ScanCode train gibberish model

ScanCode uses a 2-character Markov chain to perform gibberish detection on text. At a high level, it detects gibberish strings by seeing if a sequence of letters is part or a whole word, two letters at a time. It does this by checking how likely it is to go from one letter to another. The probabilities of going from one letter to another are determined by a model that has been trained on a large set of valid text, where it counts each transition between letters and computes a probability based off of that. These probabilities and thresholds are stored in a model that is saved to a Python pickle.

The training corpus for the gibberish detector can be found in src/textcode/data/gibberish/.

big.txt contains the main source of valid words that the gibberish detector model is trained on.

good.txt and bad.txt are used to determine the average threshold, where any letter transition whose average transition probability falls below this threshold is classified as gibberish.

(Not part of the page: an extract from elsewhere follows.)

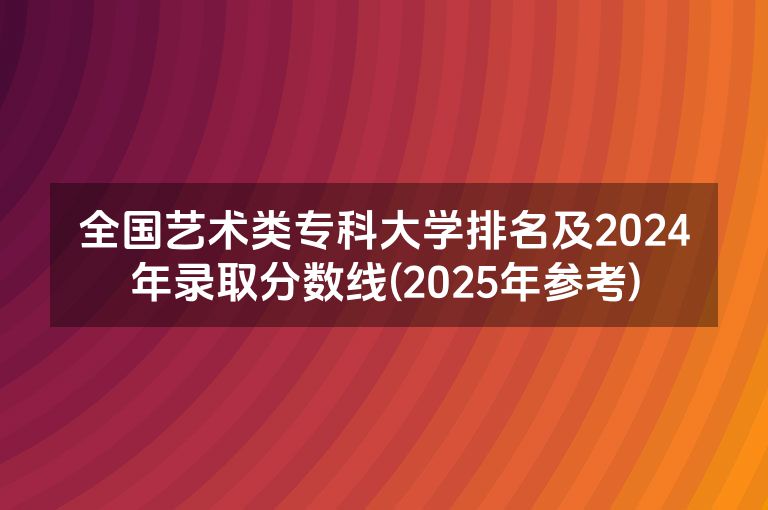 全国艺术类专科大学排名及2024年录取分数线(2025年参考)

Usage: scancode-train-gibberish-model [OPTIONS]

Quick Reference

--big FILE

Text file containing main training corpus for the gibberish detector

--good FILE

Text file containing text considered to be not gibberish (good)

--bad FILE

Text file containing text considered to be gibberish (bad)

-h, --help

Show this message and exit.


--big option

The --big option allows the user to use a different text file to train the gibberish detector model.

--good option

The --good option allows the user to use a different text file containing strings considered to be valid copyrights. This option is used to adjust the average transition probability threshold that determines whether or not a string is gibberish.

--bad option

The --bad option allows the user to use a different text file containing strings considered to be invalid copyrights. This option is used to adjust the average transition probability threshold that determines whether or not a string is gibberish.